Ferrari CEO Fred Vasseur acknowledges that the Maranello team is having trouble understanding how to address the consistency issue that has plagued its Formula 1 vehicle.

At the Spanish GP, where Carlos Sainz qualified second, it was once again clear that the vehicle has consistently been quick over one lap.

With the car acting differently from stint to stint, the squad still has trouble in races.

Sainz dropped to fifth place at the finish line in Barcelona, while Charles Leclerc, who started from the pit lane due to qualifying troubles, was only able to finish 11th.

Both men had to deal with challenging vehicles.

Vasseur stated, “I don’t think the potential on the lap, or this kind of corner, or this other corner, is the biggest difficulty for us. “The consistency is the biggest problem.

“Charles’ car, for instance, had a balance issue between the first and third stints with the same compound. The third stint, however, was a little better.

“And Carlos, he did a good job in the first and last stints, but he fell behind the others by 15 to 20 seconds in the middle.”

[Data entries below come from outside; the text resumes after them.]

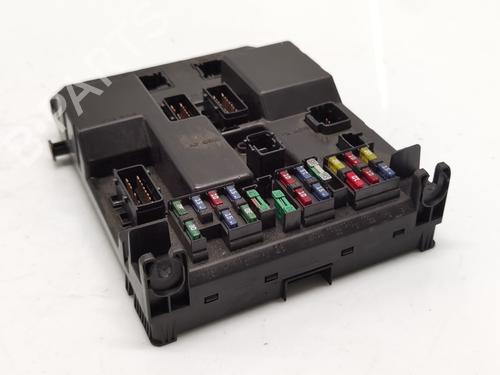 Used Fuse box Fuse box PEUGEOT 307 (3A/C) 2.0 HDi 90 (90 hp) 33906240 33906240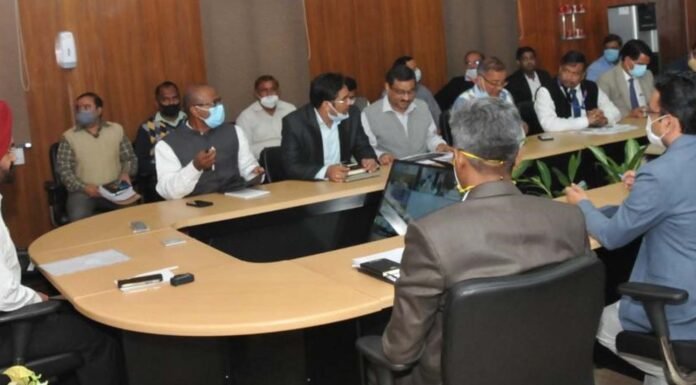 मुख्य सचिव ने कहा उद्योग राज्य में आएं इसके लिए उद्योगों को हर संभव सुविधाएं मुहैया कराई जाएं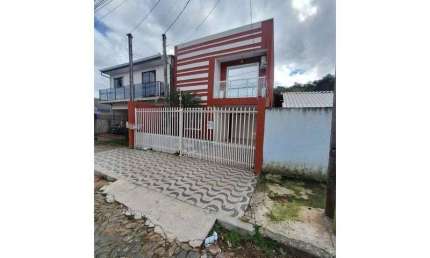 Casa com 3 quartos para alugar na Rua Caquizeiro, Contorno, Ponta Grossa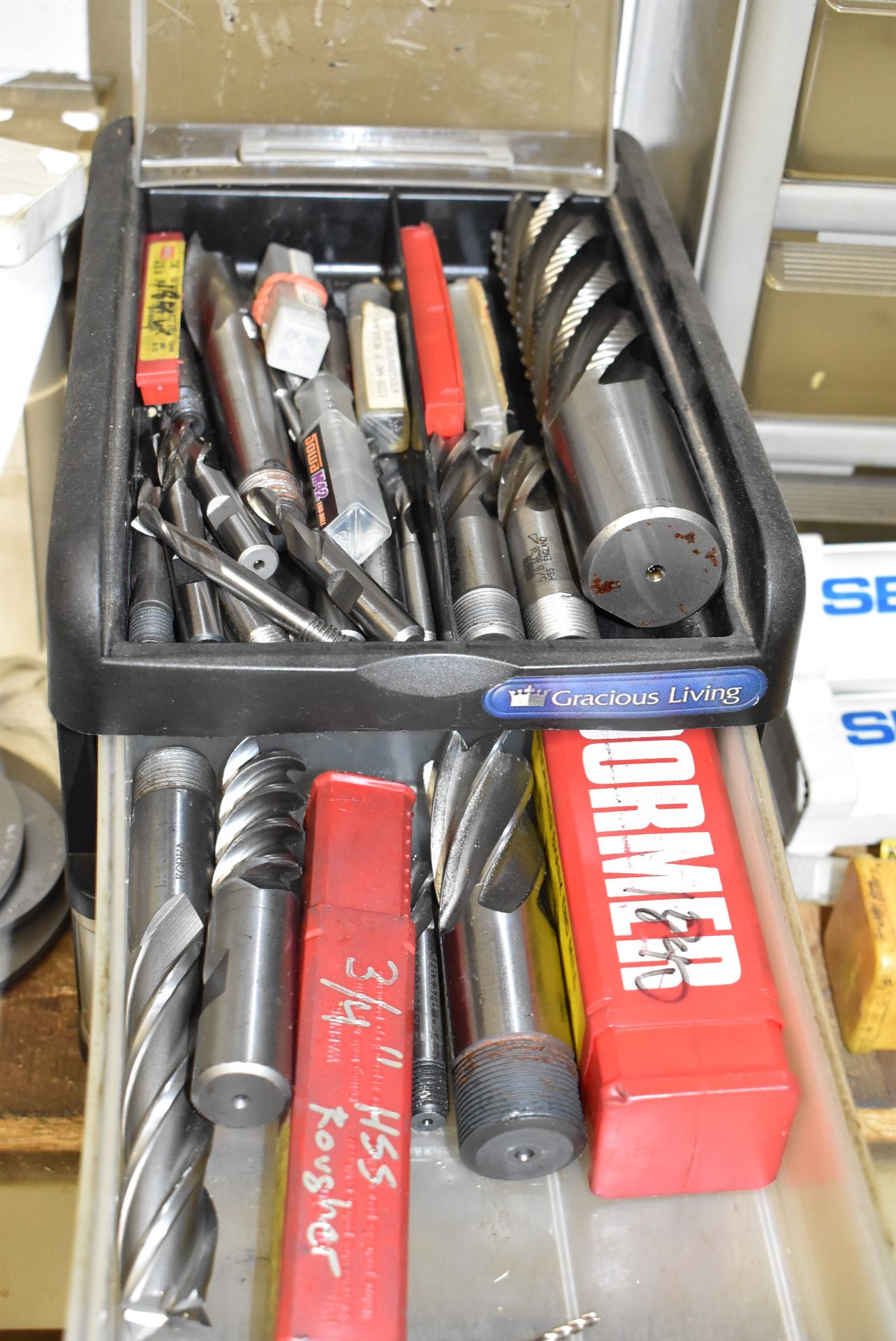 LOT/ (1) SHELVING SECTION WITH CONTENTS CONSISTING OF CARBIDE INSERTS AND CUTTING TOOLS [RIGGING FEE - Image 2 of 7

Because the issue is never the same or the same, he continued, “It’s very difficult to understand and fix it.”

Vasseur stated that the issue wasn’t tyre deterioration in Spain.

“I don’t believe it was a tyre deg. If you exert further pressure, it can reach tyre deg. But that isn’t the major problem.

“Carlos was able to maintain a respectable pace for the final few laps. It indicates that we are not losing tyres. Charles began griping about the first stint’s balance on the first lap and continued to do so until the very end.

Vasseur also downplayed the idea that running in polluted air would be worse for the car.

The fact that you fly in free air during qualifying but not during races is also true.

Could be a possibility, but if you look at Carlos’ second tenure, he was also on free air, and it was a complete failure.

Vasseur acknowledged that the team needed to concentrate more on developing solutions to the consistency issue.

“Perhaps we can steer a little bit of the development on the consistency,” he suggested. “And to have something that is a little bit simpler to drive and that we can slightly steer. It’s the course we’ve been on for the past few weeks or months.

“And I believe that we have improved our consistency from earlier on. If there was something like this, you might say that it was always there, thus the problem is more than just on the chassis side; it is more from stint to stint.

But we did have some pretty challenging times in open air, like Carlos’ second stint.